## [WHAT IS BEING ASKED]
Print the entries exactly; no image belongs in the copy.
═════ DATA RECORDS
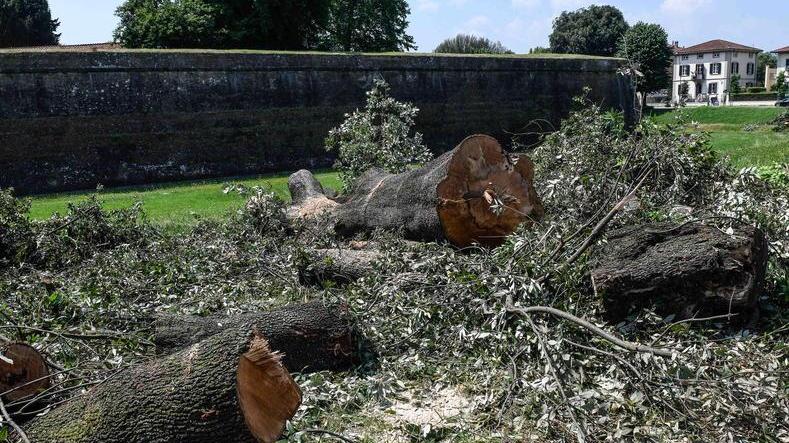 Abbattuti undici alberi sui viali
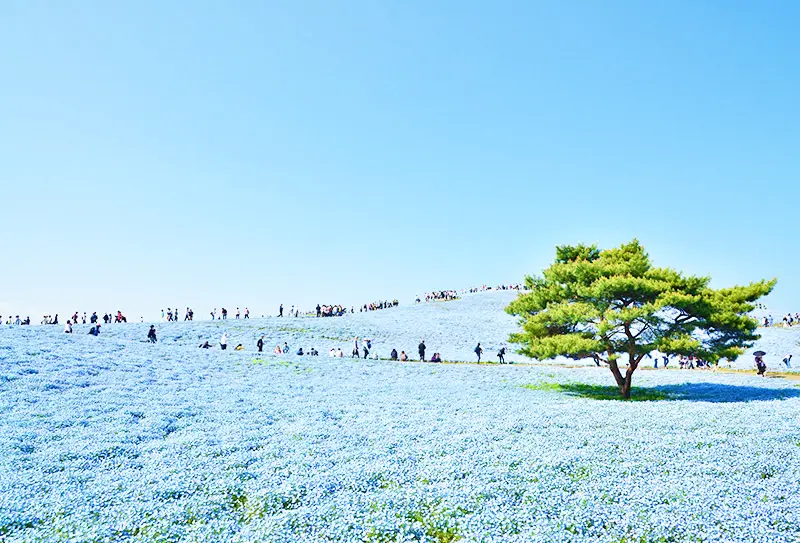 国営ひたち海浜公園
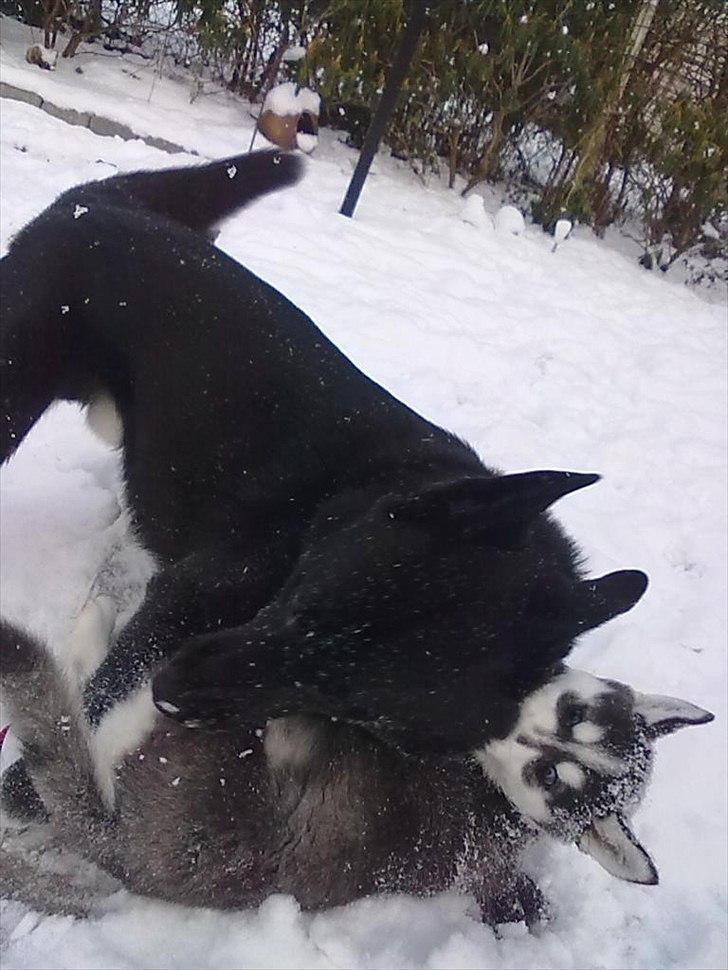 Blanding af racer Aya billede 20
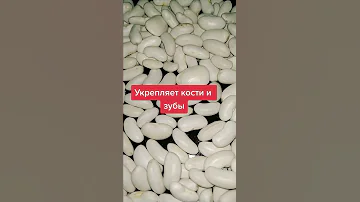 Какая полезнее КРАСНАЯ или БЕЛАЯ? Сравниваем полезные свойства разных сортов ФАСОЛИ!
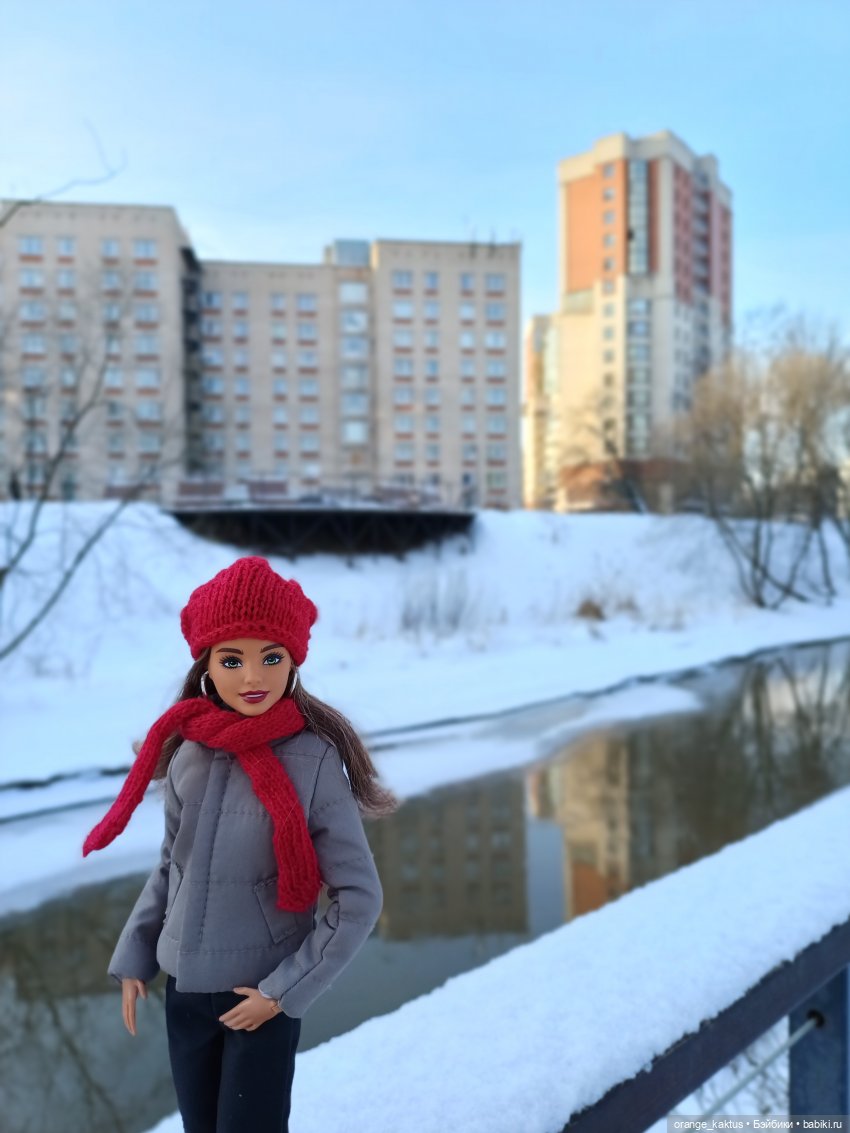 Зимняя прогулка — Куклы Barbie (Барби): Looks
══════════
## [EXERCISE RESULT]
 Abbattuti undici alberi sui viali
 国営ひたち海浜公園
 Blanding af racer Aya billede 20
 Какая полезнее КРАСНАЯ или БЕЛАЯ? Сравниваем полезные свойства разных сортов ФАСОЛИ!
 Зимняя прогулка — Куклы Barbie (Барби): Looks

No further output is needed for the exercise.